While most present antipsychotics are good at treating the positive symptoms of the disorder (like hallucinations and delusions), controlling the adverse symptoms (like anhedonia) has shown more difficult.
To compare the safety and effectiveness of MIN-101 with placebo, Michael Davidson, M.D., of Minerva Neurosciences and colleagues recruited 244 patients with schizophrenia who had been symptomatically stable for at least three months and had scores of at least 20 about the negative subscale of the Positive and Negative Syndrome Scale (PANSS). Following at least five days of withdrawal in most antipsychotic medication, the patients were randomly assigned to receive placebo or MIN-101 daily (either at 32 mg/day or even 64 mg/day) for 12 months).
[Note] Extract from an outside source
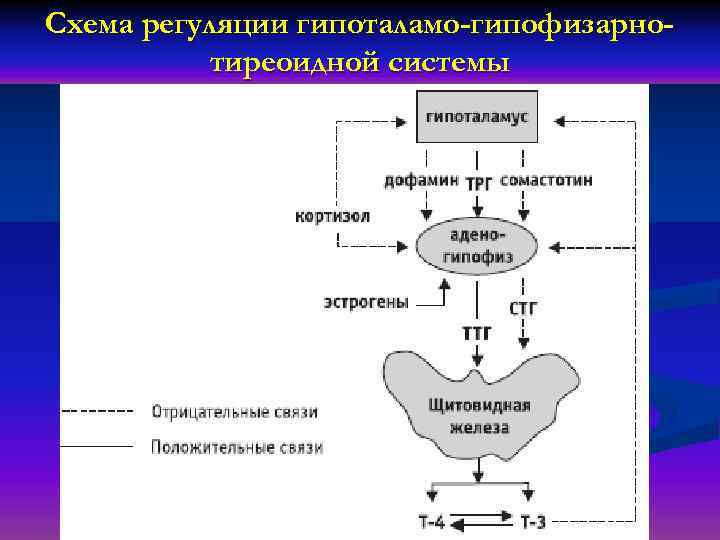 Схема регуляции гипоталамо-гипофизарнотиреоидной системы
Following 12 months, the patients taking MIN-101 showed statistically significant improvements in their PANSS negative symptom scores (effect sizes of 0.45 and 0.57 for the high and low doses, respectively [signaling a moderate impact]), but no gaps in their positive symptom scores or their Abnormal Involuntary Movement Scale (AIMS) scores. In addition, no clinically significant changes were observed in vital signs, weight, and metabolic indices, the authors reported.
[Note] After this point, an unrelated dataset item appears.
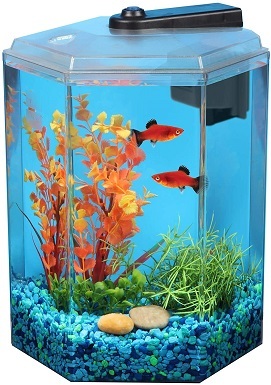 Imagitarium 1.7 Gallon Hexagonal Aquarium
“A relevant clinical issue is whether the improvement of adverse symptoms mentioned here is specific and clinically meaningful. Really, it is possible that MIN-101 has a very favorable impact on mood. On the other hand, the impact of negative symptoms was maintained after controlling for depression, which suggests the effect was not synonymous with improvement in mood,” Davidson and colleagues wrote.
“In addition, in the current trial, there was not any significant improvement in positive symptoms. The AIMS scores were low and showed only small variations. Thus, the improvement in negative symptoms cannot be credited to improvements in extrapyramidal symptoms, at least with respect to dyskinetic symptoms.”
This phase 2b clinical trial was funded by Minerva Neurosciences, the programmer of MIN-101. The research authors have financial ties to the company.